Despite the negative impact the hard lockdown has had on South Africa’s economy, the annual Black Friday retail sales tradition is expected to remain popular this year. Instead of limiting sales specials for just one day, many retailers have taken to doing Black Friday for the entire month of November.
But where there is money to be made, you can be certain that cybercriminals will be watching and looking for opportunities to exploit unsuspecting shoppers.
“The Covid-19 pandemic and resultant social distancing rules will see a predominantly online feel to Black Friday in South Africa. E-tailers are expected to capitalise on people staying at home and avoiding potentially large crowds at physical stores. With more than half of local shoppers who normally shop in store for Black Friday indicating they will not this year, the signs point to a surge in online shopping,” says Lehan van den Heever, enterprise cyber security advisor of Kaspersky in Africa.
Of course, this presents malicious users with more potential targets than ever to infect with malware, perpetrate identity theft, and steal credit card details. Cleverly-designed phishing scams that masquerade as discounts from popular brands have become almost indistinguishable from the real thing.
“Consumers must remain vigilant whether it is shopping for Black Friday specials or the upcoming festive season. As in previous years, fake sites will be a major source of concern as they become even more sophisticated than those that appeared in 2019. The most fundamental security tip any shopper must heed is that if something sounds too good to be true, it is. For example, 80% off on that smart TV is highly unlikely. Steep price reductions, especially in South Africa, should be a red flag,” van den Heever adds.
Other things to keep in mind include spelling mistakes in URLs for popular sites and unsecured links to online stores and checkout baskets. Fraudsters painstakingly recreate many of the popular e-tailers that will fool most people.

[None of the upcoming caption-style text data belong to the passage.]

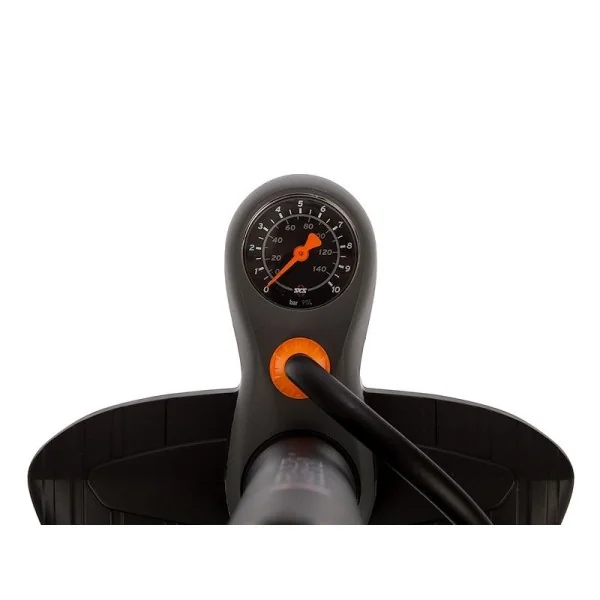 Hogedrukpomp SKS Air-X-Press 8.0 mit multi ventielkop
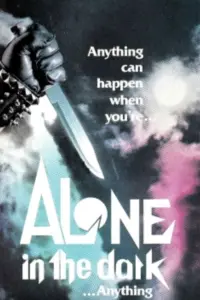 Poster to the movie "Alone in the Dark" #457689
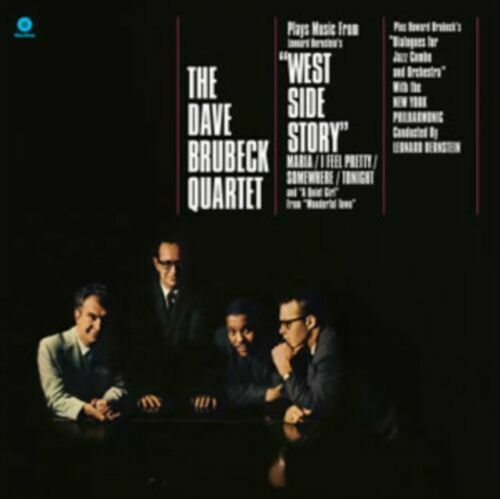 Brubeck- Dave	Plays Music From "West Side Story" And "Other Works" (New Vinyl)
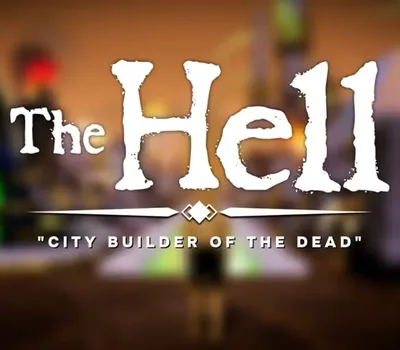 The HELL: City Builder of the Dead PC Steam CD Key — лицензионный ключ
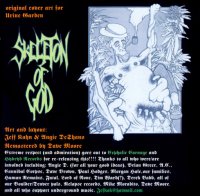 Skeleton Of God - Urine Garden / Bleached In The Sun (Compilation) (2003)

When in doubt, always type in the Web address of your preferred store instead of clicking on an email or social media link.
“Furthermore, online shoppers must make their passwords to their shopping accounts long and difficult to guess. If the store has the option available, choose to activate multi-factor authentication. In this way, even if a hacker steals your password, the site will still require you to confirm a one-time pin set to your smartphone or tablet. Using a good password manager is vital. Even the answers to the typical security questions to reset passwords should be made up. In this way, hackers cannot use potentially sensitive information on your social media profiles. Store these made-up answers as an encrypted note in your password manager,” says van den Heever.

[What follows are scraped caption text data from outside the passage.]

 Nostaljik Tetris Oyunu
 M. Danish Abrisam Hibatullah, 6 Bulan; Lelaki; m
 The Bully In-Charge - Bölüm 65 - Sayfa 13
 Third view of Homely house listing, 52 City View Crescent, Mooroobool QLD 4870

Ideally, any online shopper must sign out of their account when leaving the site especially if it is accessed from a public or work computer. Also, never use freely available Wi-Fi hotspots to do any online banking and shopping. Hackers use sophisticated tools to ‘sniff’ out passwords at coffee shops or restaurants.
“Caution and extra vigilance must become part of any online shopper’s repertoire. As hackers continue to exploit uncertainty around the pandemic, South Africans who want to participate in Black Friday must become more security conscious,” van den Heever concludes.